═════ DATA SUPPLIED

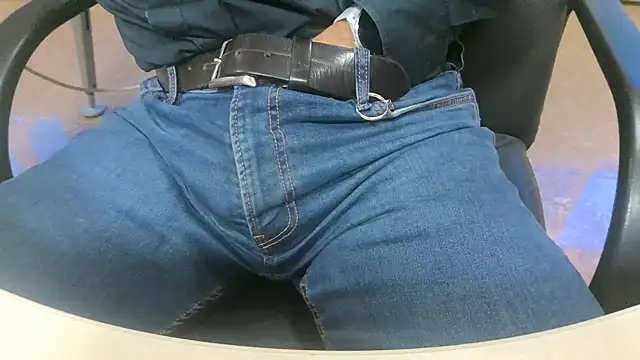 alessandroman2114 online show from March 17, 5:04 pm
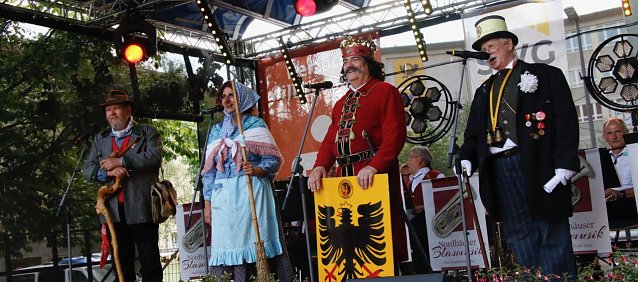 Bild: Das 52. Rolandsfest wurde nach zwei Jahren Pause heute auf dem Rathausplatz in Nordhausen er&ouml;ffnet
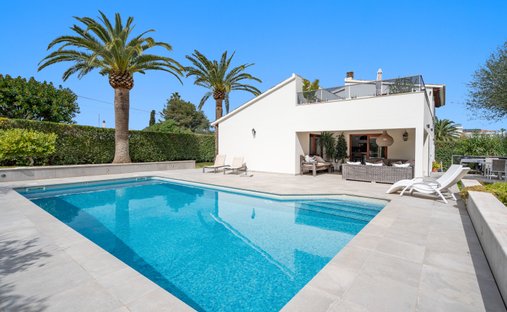 Villa in es Castell, Balearic Islands, Spain 1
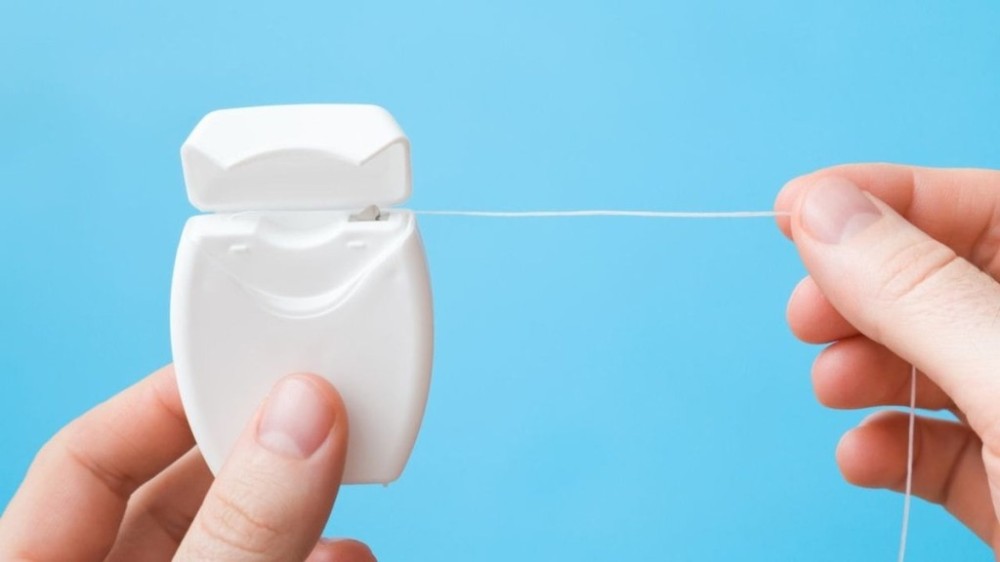 7 dicas para usar o fio dental além de limpar os dentes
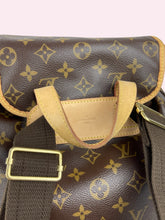 Carica l&#39;immagine nel visualizzatore di Gallery, LOUIS VUITTON ZAINO
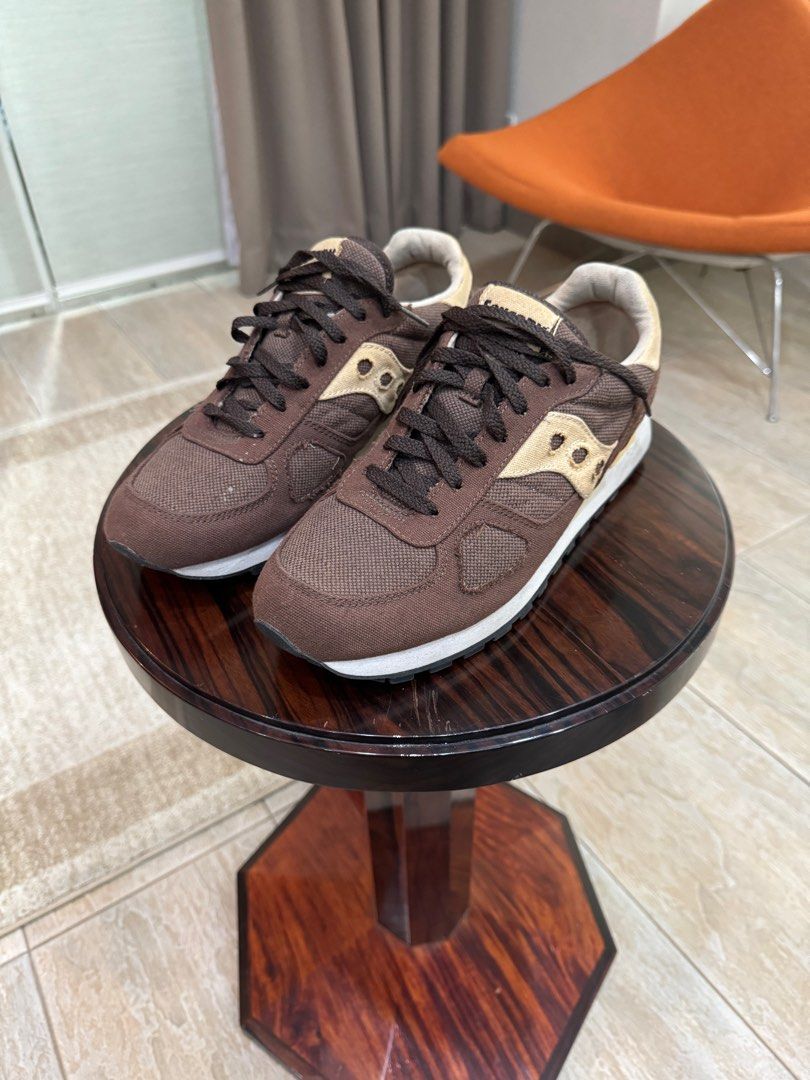 Saucony Shadow Original Brown (Category: Sneakers) located in Makati City. Submitted by cruisegold (Listing ID 1368481553, Image 1). Description: Purchased in 2019. Selling because I've switched to On Running shoes, and I don't want to hold onto shoes that aren't in rotation anymore. Item will be shipping from Makati. .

══════════

• WHAT TO DO: Keep the pictures out and repeat exactly the lines from the beginning of the data through the line that contains "Carica l&#39;immagine nel", both ends included.

• WRITTEN SOLUTION:
 alessandroman2114 online show from March 17, 5:04 pm
 Bild: Das 52. Rolandsfest wurde nach zwei Jahren Pause heute auf dem Rathausplatz in Nordhausen er&ouml;ffnet
 Villa in es Castell, Balearic Islands, Spain 1
 7 dicas para usar o fio dental além de limpar os dentes
 Carica l&#39;immagine nel visualizzatore di Gallery, LOUIS VUITTON ZAINO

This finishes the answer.